## YOUR GOAL
Pictures in the records are to be omitted; everything else is copied exactly.
▼
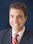 Michael Montagano Esq.
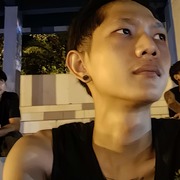 Kidan Moon's avatar
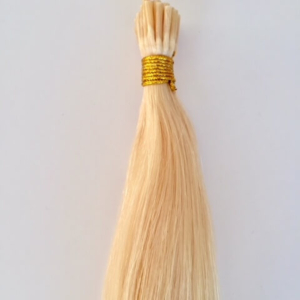 elite-hair-online-hair-extensions-stick-tip-colour-lightest-pale-blonde-60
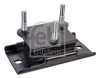 FEBI BILSTEIN 170190 Suport motor
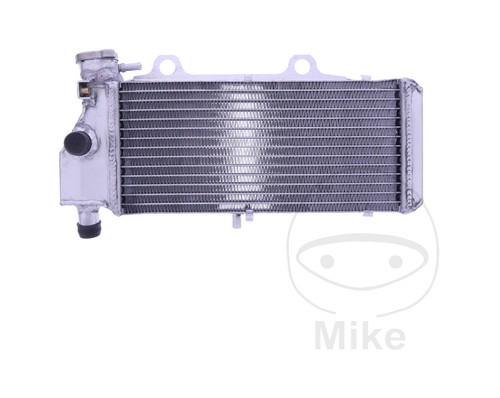 Jmp water radiator - jmp,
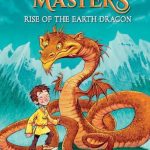 Best junior fiction books 2023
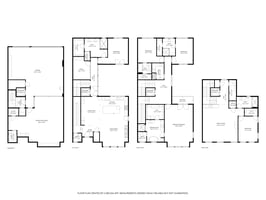 Floorplan_5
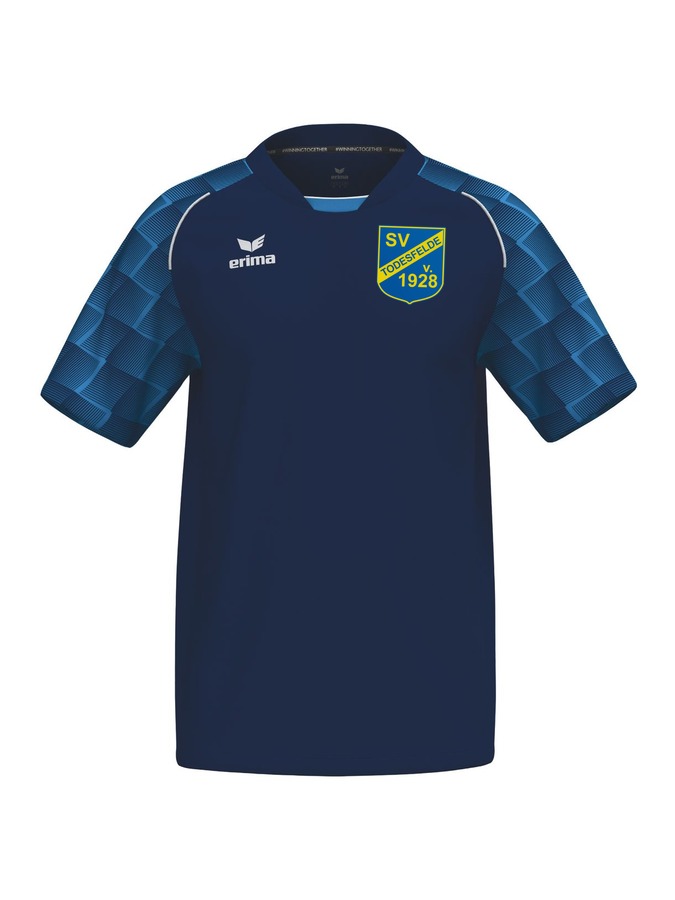 Erima Evo Star Trikot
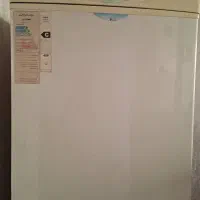 یخچال پارس|یخچال و فریزر|تهران, یافت‌آباد|دیوار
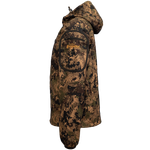 Костюм Remington Universal Jaeger Green Forest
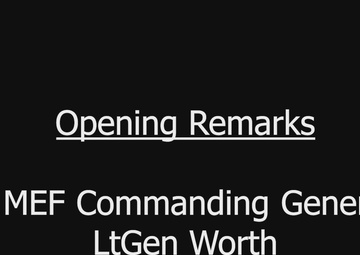 Suicide Prevention &amp; Response Independent Review Committee 2025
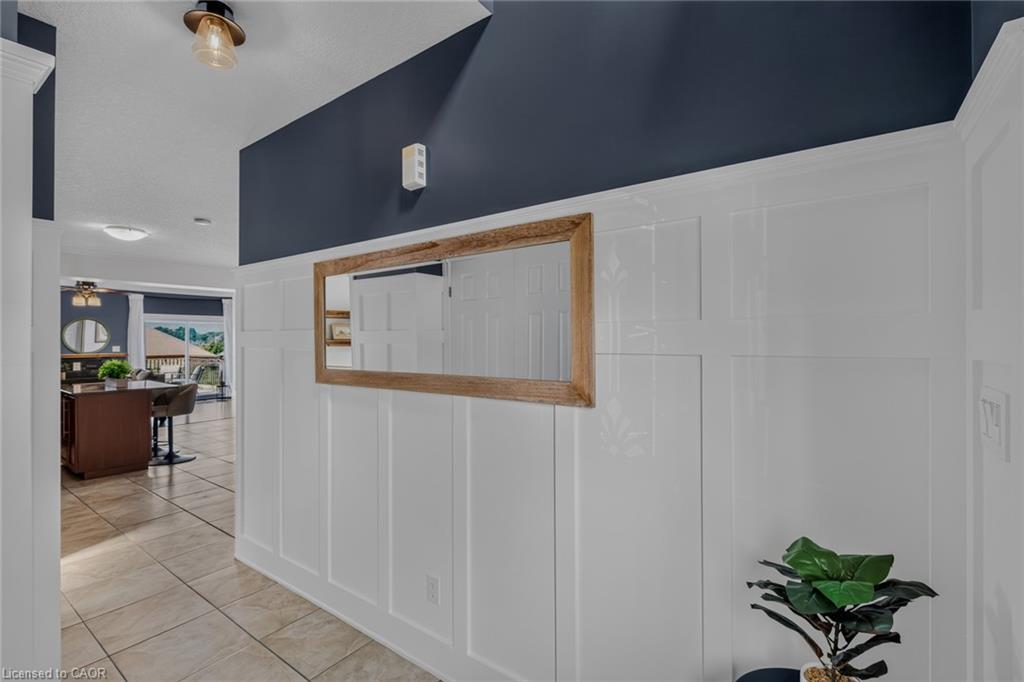 174 Woodway Trail Property Photo 7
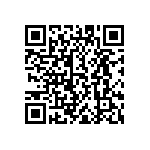 C503D-WAN-CCBDB232 QRCode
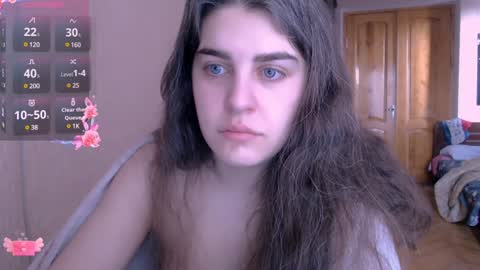 Rose online show from 01-14-25, 05:51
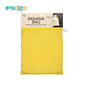 Eco Basics Banana Bag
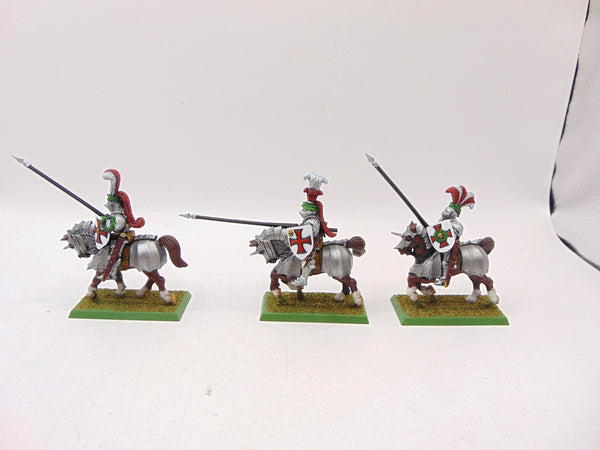 Empire Knights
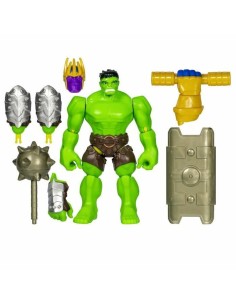 Jointed Figure Hasbro Marvel Avengers 2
▲
## ANSWER SPACE
 Michael Montagano Esq.
 Kidan Moon's avatar
 elite-hair-online-hair-extensions-stick-tip-colour-lightest-pale-blonde-60
 FEBI BILSTEIN 170190 Suport motor
 Jmp water radiator - jmp,
 Best junior fiction books 2023
 Floorplan_5
 Erima Evo Star Trikot
 یخچال پارس|یخچال و فریزر|تهران, یافت‌آباد|دیوار
 Костюм Remington Universal Jaeger Green Forest
 Suicide Prevention &amp; Response Independent Review Committee 2025
 174 Woodway Trail Property Photo 7
 C503D-WAN-CCBDB232 QRCode
 Rose online show from 01-14-25, 05:51
 Eco Basics Banana Bag
 Empire Knights
 Jointed Figure Hasbro Marvel Avengers 2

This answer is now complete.